M.S. in Library and Information Science
With Specialization in Rare Books and Special Collections
The 36-credit Master of Science in Library and Information Science program – accredited by the American Library Association – offers you an opportunity to specialize in Rare Books and Special Collections. Rare books and special collections are enjoying new popularity as part of the recently developed interest in the history of the book among universities, historical societies and museums. Both scholarly and popular communities are currently interested in special collections which might include film, posters, photographs, correspondence, architectural plans, designs, and printed ephemera. Specialists work as curators, researchers, dealers, exhibition planners, scholars, and administrators of collections.
The Rare Books and Special Collections concentration is offered in Manhattan at the Palmer School facilities at New York University’s Bobst Library. You may take the core course requirements at LIU Post in Brookville or at LIU Brentwood. Visit the “Locations” buttons on the left side of this page for more information.
As part of your course of study, you will explore the wealth of historic materials and resources in New York City repositories. New York City is an acknowledged center of rare book and special collections activity located in public and institutional collections, clubs, auction houses and universities. There will be ample opportunity for contact with members of the City's bibliophilic community. LIU Post also houses a respected Special Collections Department located in the B. Davis Schwartz Memorial Library.
Through a unique arrangement with the Rare Book School at the University of Virginia(UV), Palmer School students may take selected Rare Books and Special Collections courses for credit in UV’s School of Library and Information Science.
Students will develop proficiency in rare book curatorship, archival techniques, the history of the book, rare book cataloging, preservation and exhibition planning. They will become acquainted with major collections through field trips and internships, and will have opportunity to meet experts in this area.
In addition to the regular course schedule, specialized courses will be offered as Special Topics. Included as Special Topics are scheduled visits to great collections, the history of various aspects of "the book," and an introduction to the book trade and auction world. Other Special Topics can be arranged in response to students' needs and interests.

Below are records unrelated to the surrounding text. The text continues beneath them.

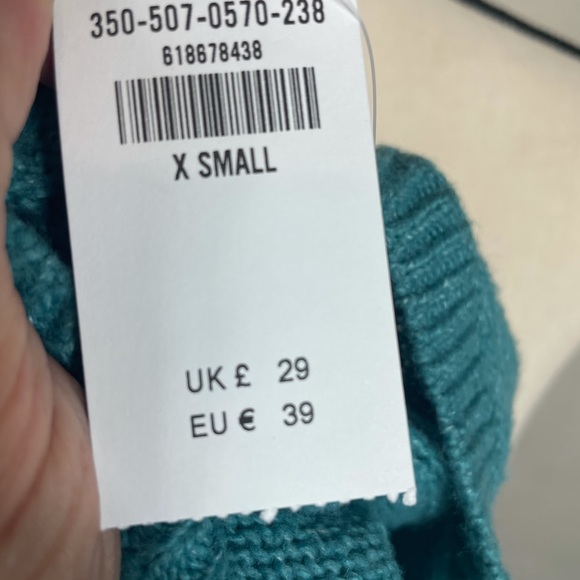 Hollister V-neck Oversized Llama Alpaca Sweater XS - Picture 12 of 12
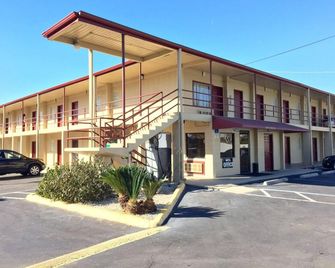 Budget Inn - Tallahassee - Edificio
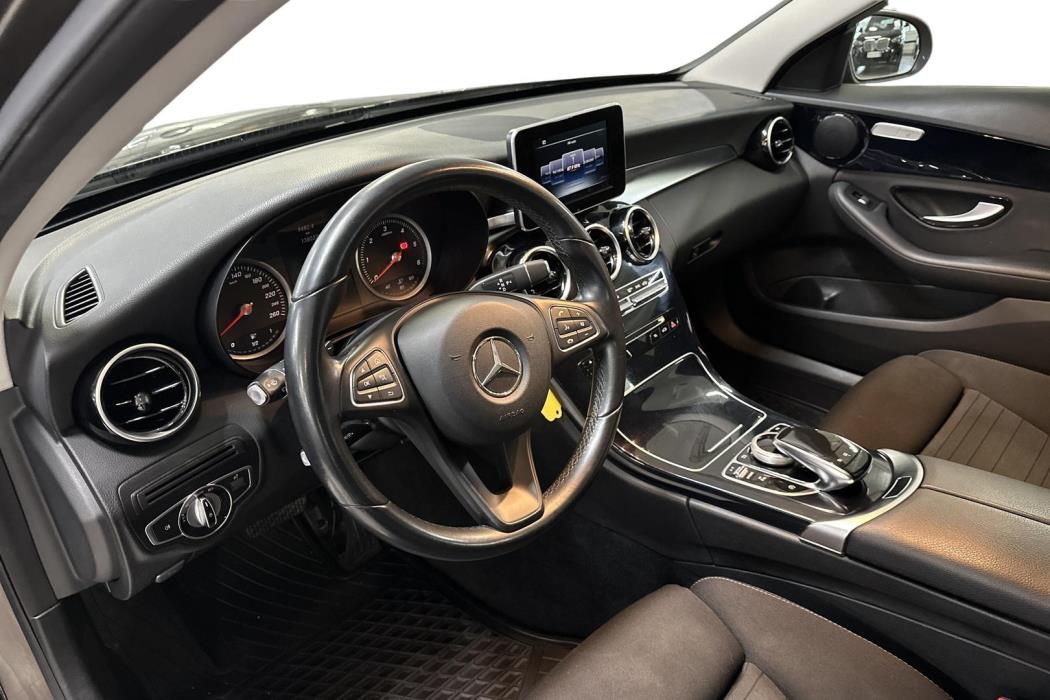 MERCEDES-BENZ C 2016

A student will be expected to complete four courses for this concentration (12 credits): LIS 713 (Rare Books and Special Collections Librarianship) and a history of the book class—either LIS 658 (History of the Book), or one of several other historically oriented classes that meet this history of the book requirement. Check with the program coordinator about eligible history-of-the-book courses, either in the Palmer program or at various Rare Book Schools with which we have special arrangements. In addition, students should select two pertinent elective courses from the list below:
- LIS 603 Humanities Sources and Services
- LIS 657 Introduction to Preservation
- LIS 714 Archives and Manuscripts
- LIS 763 Metadata: Description and Access
- LIS 519Great Collections of NYC
- LIS 652 Exhibitions and Catalogs in the Library
Special Topic: Collecting and Managing Ephemera; Artists’ Books (offered occasionally; both count as a history of the book)
Courses in web design and digital libraries are strongly recommended even though they do not count toward the concentration per se.
Upon graduation, students who complete these requirements will receive a letter from the Dean and Coordinator of the concentration acknowledging their achievement; this letter should be requested from the Coordinator, J. Fernando Peña
Note: Students may also take up to two courses in the University of Virginia's Rare Book School at either the University of Virginia or its Manhattan location as part of this concentration. This option must be approved by the Palmer School of Library and Information Science before the student enrolls in the Rare Books and Special Collections program.
Students interested in this concentration should contact J. Fernando Peña before beginning their specialized courses in this area. J. Fernando Peña, who oversees the Rare Book and Special Collections concentration, will review with students their goals and backgrounds, and will work with them to identify a set of courses that will meet their objectives.
There are no separate admission requirements for students interested in the Rare Books and Special Collections specialization, but ideally students should arrive with a good undergraduate or graduate preparation in the humanities and at least one year of study in a foreign language.